As the agricultural industry faces a landscape of fluctuating commodity prices and rising interest rates, understanding borrowers’ federal rights has become a critical component of farm management. In a recent discussion, Jay Brunson, an attorney at Brunson Ag Law, shared vital insights with Farm Director KC Sheperd regarding the proactive steps farmers should take when facing potential loan defaults or financial restructuring.


The Importance of Early Communication

One of the primary themes of the conversation was the necessity of early intervention. Brunson emphasized that farmers are often the first to recognize the “weak links” in their operations, whether due to high input costs—such as $600 urea or $945 DAP—or low market prices.

The most effective strategy for managing potential default is to engage with lenders long before the situation escalates to litigation. Brunson noted that maintaining an open dialogue allows bankers to work with their boards to keep loans from being classified, potentially leading to a note modification or a partial liquidation rather than a total loss.
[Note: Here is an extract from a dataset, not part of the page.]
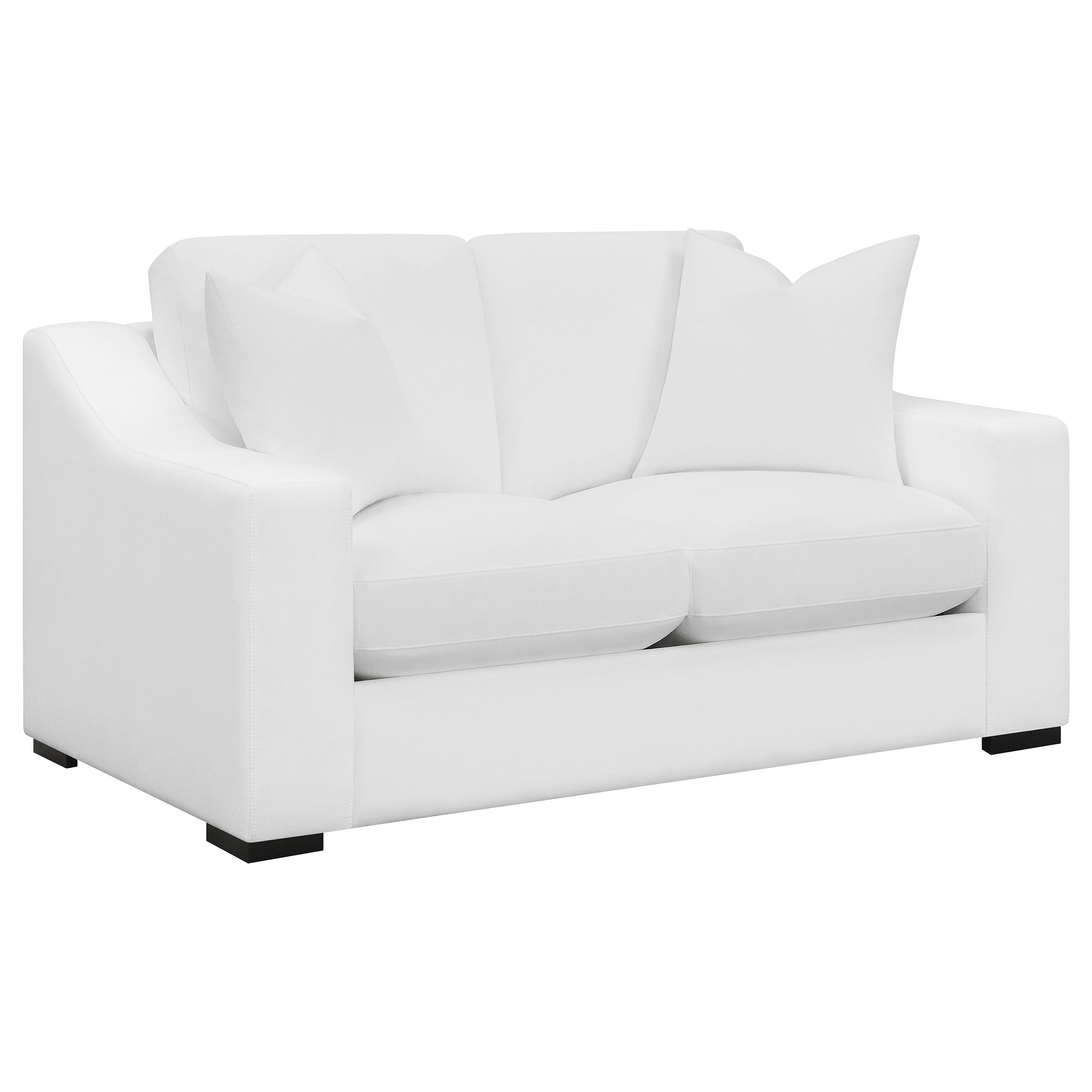 Ashlyn 2-piece Upholstered Sloped Arm Sofa Set White — view 7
“Radio silence will lead to litigation faster than anything else.”


Understanding Chapter 12 Bankruptcy

For operations facing severe distress, Chapter 12 bankruptcy offers a specific framework for farm reorganization. This legal path is designed for farmers and family fishermen, provided that more than 50% of their gross income is derived from farming.

Key Features of Chapter 12:

  • Automatic Stay: It halts foreclosure actions and litigation, providing the farmer breathing room to propose a workout plan.
  • Debt Discharge: It allows for the discharge of debt that exceeds the current value of the operation’s assets. For example, if an operation owes $1 million but assets are valued at $250,000, the court may allow the debt to be restructured to match the asset value.
  • Court Approval: If the court deems the plan reasonable and capable of generating cash flow, the loans can be rewritten to a manageable level.
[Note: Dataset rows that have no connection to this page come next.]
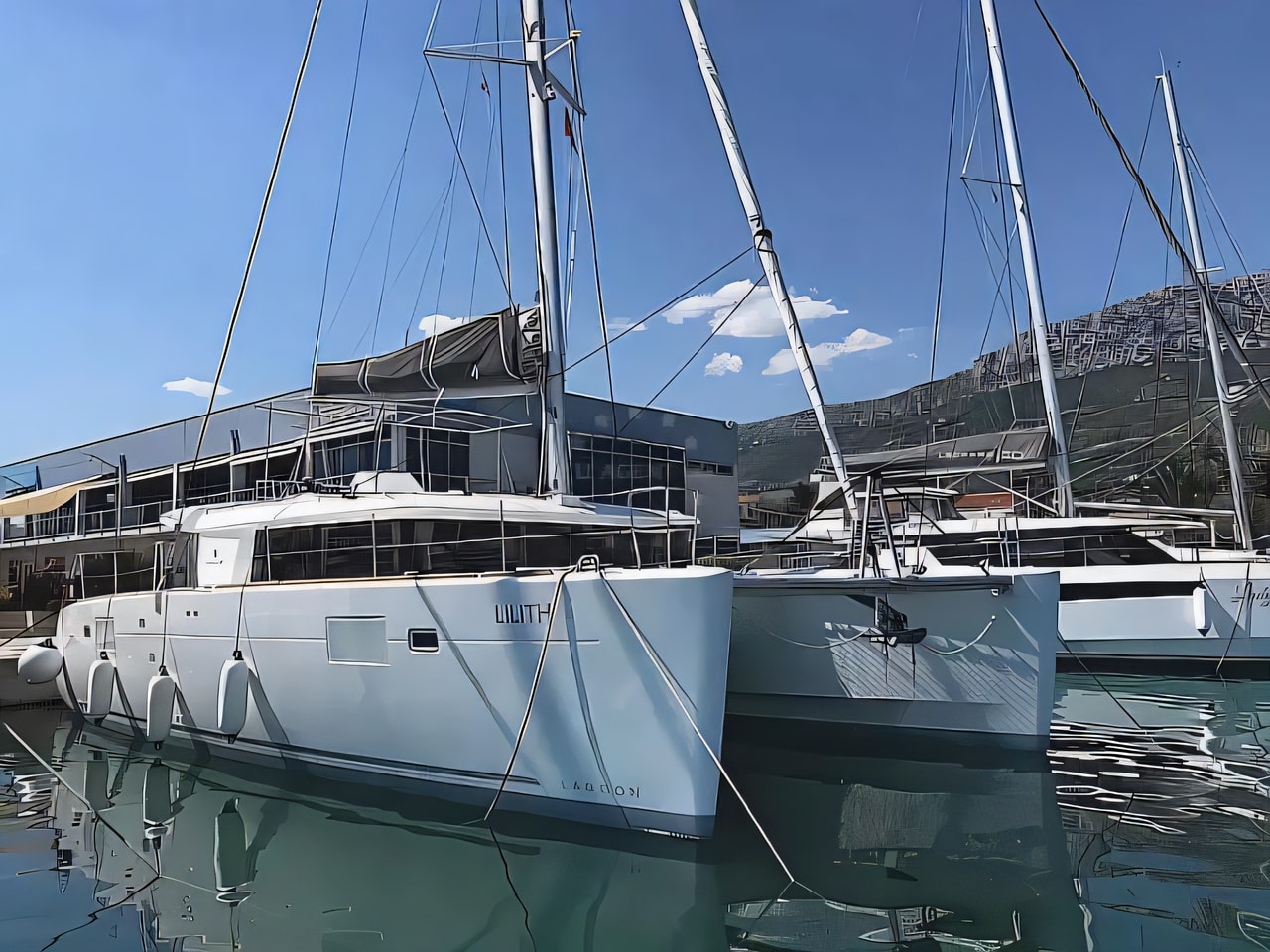Exterior overview of Lagoon 450 F catamaran for charter from Sukosan Marina Dalmacija in the Zadar sailing area Croatia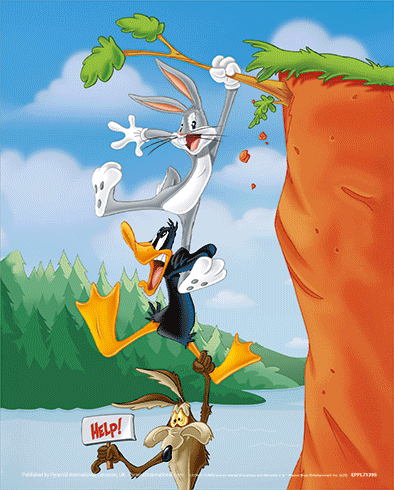 LOONEY TUNES CADRE 3D LENTICULAIRE CLIFF HANG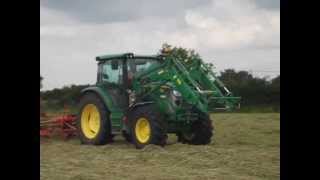 john deere 6105R  faneuse kuhn de 6 toupies au fanage 2013 [upl. by Sherj]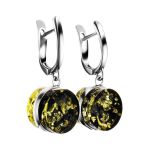 Green Amber Dangle Earrings In Sterling Silver The Furor, image 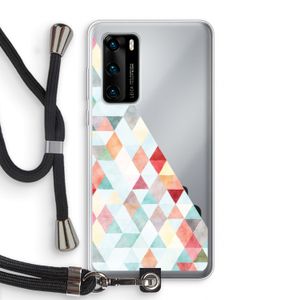 Gekleurde driehoekjes pastel: Huawei P40 Transparant Hoesje met koord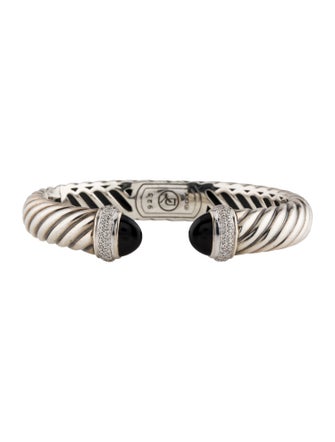 David Yurman Onyx & Diamond Waverly Hinge Cuff Bracelet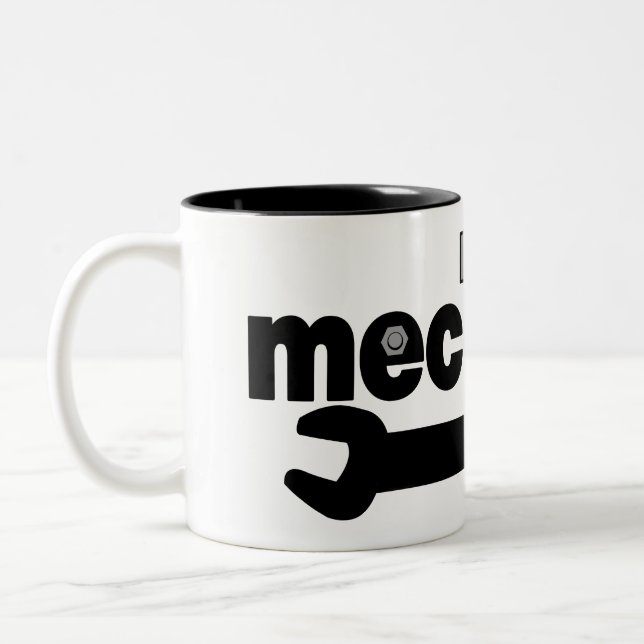 Mechanic Nuts and Bolts Text Two-Tone Coffee Mug (Left)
Brunson cautioned that while Chapter 12 can save a farm, it carries significant repercussions, including a substantial hit to the borrower’s credit score and a diminished ability to secure new lending.


Tax Implications of Asset Sales

A common reflex for farmers in debt is to sell major assets to pay down loans. However, Brunson warned that without consulting both an attorney and an accountant, this can lead to a “capital gains nightmare”.

Many farmers in Oklahoma are working with land that has a very low tax basis—sometimes as low as $400—while current market values near areas like Tuttle can reach $30,000 per acre. Selling such land might satisfy the bank, but it could trigger a massive tax liability with the IRS on April 15.


Parallels to the 1980s

The current economic climate has drawn frequent comparisons to the 1980s farm crisis. Brunson acknowledged the similarities, noting 8%-9% interest rates on operating lines and the difficulty of earning a profit that can support a family while servicing high debt.

With the average age of the American farmer between 58 and 65, many are also weighing these financial challenges against retirement planning, making the need for expert legal and financial counsel more pressing than ever.